Lei si considera un’attivista? In che modo questi progetti sono connessi al resto della Sua ricerca attraverso la fotografia?
«Quando ho iniziato a fare arte alla fine degli anni Ottanta, ero cosciente che le libertà di cui godiamo oggi erano state guadagnate dagli attivisti delle precedenti generazioni. Io vedevo il mio lavoro come lavoro politico, ma non ero un attivista.
Nel 1999 ho pubblicato un libro intitolato “Soldiers – The Nineties”, che contiene soltanto fotografie di soldati ponendo le domande: perchè li stiamo guardando? E perchè siamo nutriti con fotografie di soldati che non fanno nulla? Non ho mai pensato che ci fosse una contraddizione tra il fatto di essere un artista e allo stesso tempo nell’essere interessato a vedere come la creazione di immagini e il loro uso siano connessi con la società e la politica.
Nel 2016 è stata la prima volta che ho effettivamente fatto una campagna, in cui ho toccato con mano la politica, quando ho visto che l’Europa della cooperazione, dell’amicizia e dei confine aperti era sotto attacco. Dall’altra parte, per quanto concerne la mia arte, il lavoro che ho fatto sull’HIV nel 2006 con il London’s HIV-iBase and Treatment Action Campaign in Sud Africa e l’installazione al Truth Study Centre riguardavano tutti la politica».
Nel 2016, in un’intervista a The Guardian, Lei ha dichiarato: «Ho sempre guardato alle sfumature delle cose quotidiane perchè sento che è una responsabilità politica anche il fatto di guardare il mondo che ti circonda in modo aperto, senza pregiudizi e senza paura». Per Lei guardare in questo modo è una responsabilità politica: ritiene che una parte di questa responsabilità La abbia condotta a queste campagne?

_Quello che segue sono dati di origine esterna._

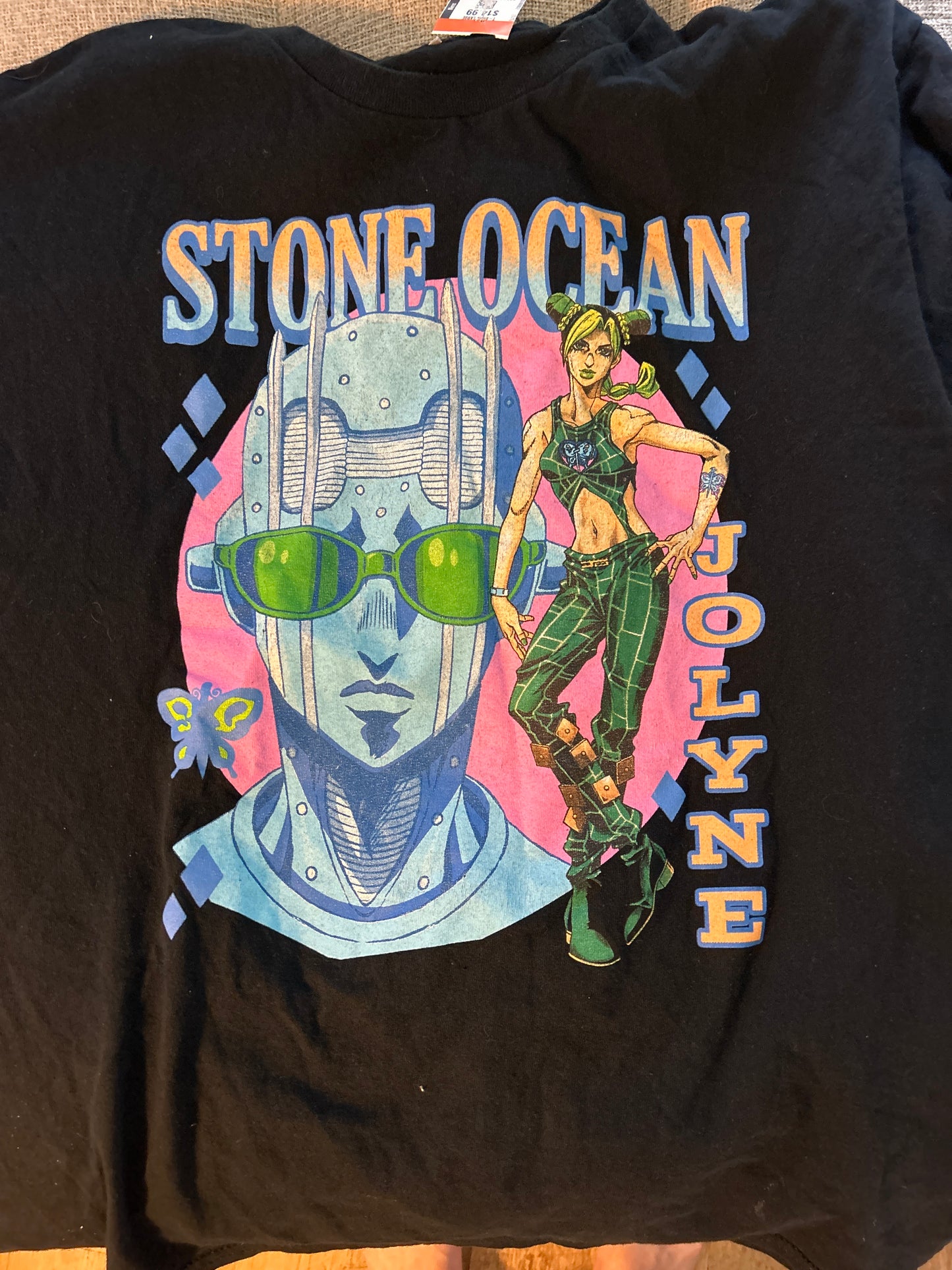 Stone Ocean T-shirt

«Nonostante io veda il mio attivismo separato dalla mia arte – in quanto l’arte per me non ha uno scopo definito, mentre l’attivismo è portato avanti con in mente un obiettivo più o meno specifico -, credo che il mio attivismo influenzi il mio lavoro artistico in una miriade di aspetti, in modo crescente negli anni. Io ho sempre visto me stesso come un artista politico, implicitamente. Nella mia intera carriera mi sono occupato di come rappresentare una persona, ad esempio. Per me vedere e mostrare qualcosa ha una valenza politica. Quale tipo di bellezza, sessualità, potere o sottomissione voglio mostrare? Che cosa vedo io? Che cosa vedono gli altri? Ciò che cerco nella mia arte, e forse anche nel mio attivismo, sono idee, modi di vita e identità plurali, che non siano determinati, definiti, ma che contengano il potenziale per mettere in dubbio le certezze».